# EXERCISE
Every entry below must appear again, exactly as written.

DATA SUPPLIED START

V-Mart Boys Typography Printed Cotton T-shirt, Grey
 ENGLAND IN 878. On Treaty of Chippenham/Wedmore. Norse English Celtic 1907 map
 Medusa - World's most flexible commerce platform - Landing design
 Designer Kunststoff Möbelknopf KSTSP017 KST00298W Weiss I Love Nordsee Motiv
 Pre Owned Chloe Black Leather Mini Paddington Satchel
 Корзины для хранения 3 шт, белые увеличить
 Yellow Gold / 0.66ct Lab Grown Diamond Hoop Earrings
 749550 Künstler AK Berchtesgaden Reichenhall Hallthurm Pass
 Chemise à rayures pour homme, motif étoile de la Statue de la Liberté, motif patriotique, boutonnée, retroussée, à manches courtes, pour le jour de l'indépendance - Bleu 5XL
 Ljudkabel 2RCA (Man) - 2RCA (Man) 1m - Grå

DATA SUPPLIED END

# SOLUTION BELOW
V-Mart Boys Typography Printed Cotton T-shirt, Grey
 ENGLAND IN 878. On Treaty of Chippenham/Wedmore. Norse English Celtic 1907 map
 Medusa - World's most flexible commerce platform - Landing design
 Designer Kunststoff Möbelknopf KSTSP017 KST00298W Weiss I Love Nordsee Motiv
 Pre Owned Chloe Black Leather Mini Paddington Satchel
 Корзины для хранения 3 шт, белые увеличить
 Yellow Gold / 0.66ct Lab Grown Diamond Hoop Earrings
 749550 Künstler AK Berchtesgaden Reichenhall Hallthurm Pass
 Chemise à rayures pour homme, motif étoile de la Statue de la Liberté, motif patriotique, boutonnée, retroussée, à manches courtes, pour le jour de l'indépendance - Bleu 5XL
 Ljudkabel 2RCA (Man) - 2RCA (Man) 1m - Grå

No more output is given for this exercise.